White House chief of staff Ron Klain praised her yesterday on "Morning Joe."

Pretty impressive for a woman who got clobbered in Tuesday’s primary, drawing less than 30% of the vote in her loss to a Trump-backed rival, Harriet Hageman. Some Democrats crossed over for Cheney, but she was overwhelmed in the heavily Republican state, where many voters felt she doesn’t represent them any more.

Cheney countered that she could have won the primary with 73% of the vote, as she did last time, by going along with Trump’s "big lie" about the 2020 election.

It was "a speech that seemed directed not just at Republican voters, but at a wider national audience," the New York Times says, stating the obvious after she entered to strains of Tom Petty’s "Don’t Back Down."

Cheney quoted Martin Luther King on the long arc of history bending toward justice, and then invoked Ulysses Grant, as a Civil War general, taking heavy losses but marching on to Richmond and victory rather than retreating to the safety of Washington. She called for "Republicans, Democrats and independents" to unite "against those who would destroy our republic."

As a Washington Post story points out: "It will be more difficult for the younger Cheney to garner the same level of attention next year, when she is out of office, after just six years and at the politically young age of 56. She won’t have the vice-chair perch she currently enjoys on the Jan. 6 committee, whose hearings have drawn tens of millions of viewers on national TV.

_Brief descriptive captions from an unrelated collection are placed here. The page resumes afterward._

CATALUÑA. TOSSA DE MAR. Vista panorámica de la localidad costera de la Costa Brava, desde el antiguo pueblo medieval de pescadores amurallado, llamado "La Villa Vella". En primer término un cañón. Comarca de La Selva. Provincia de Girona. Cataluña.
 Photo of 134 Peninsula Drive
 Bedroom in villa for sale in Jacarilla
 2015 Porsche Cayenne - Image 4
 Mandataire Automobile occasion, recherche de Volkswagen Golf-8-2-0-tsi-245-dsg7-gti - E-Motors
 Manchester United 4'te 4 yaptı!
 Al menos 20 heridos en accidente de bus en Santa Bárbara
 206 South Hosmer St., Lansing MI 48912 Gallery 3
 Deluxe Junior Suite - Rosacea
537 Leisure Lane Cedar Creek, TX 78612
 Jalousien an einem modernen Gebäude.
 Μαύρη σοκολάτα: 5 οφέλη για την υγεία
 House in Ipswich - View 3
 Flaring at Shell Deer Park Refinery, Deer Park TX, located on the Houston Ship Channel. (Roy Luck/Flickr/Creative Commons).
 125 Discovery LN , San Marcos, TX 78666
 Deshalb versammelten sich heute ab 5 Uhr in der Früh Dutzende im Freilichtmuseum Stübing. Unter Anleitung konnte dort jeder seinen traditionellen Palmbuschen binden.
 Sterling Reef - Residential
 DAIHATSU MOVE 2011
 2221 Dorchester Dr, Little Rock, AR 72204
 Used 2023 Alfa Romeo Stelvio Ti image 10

"But she has gained a level of attention that now dwarfs almost every other member of Congress, commanding a platform that all but a handful of other Republicans in the Capitol have attempted."

Everybody knows Liz. Including Trump, who called her a "fool" and quickly posted that "the very big Liz Cheney loss" was "a referendum on the never ending Witch Hunt." 

Keep in mind that Cheney is a very conservative Republican. As a protege of her father, the former vice president (who wouldn’t join a Tuesday photo with her without being asked), she was a prominent official in the Bush State Department.

Hageman, by the way, is a former Cheney supporter who in 2016 opposed Trump as "racist and xenophobic." But then she got on board the stolen-election express and he backed her. 

Alex Wagner, in the debut of her MSNBC program, showed she will continue the anti-Trump themes of Rachel Maddow, who she is succeeding four nights a week.

She began with a laundry list of Cheney’s conservative positions back when the left hated her as an anti-abortion warmonger.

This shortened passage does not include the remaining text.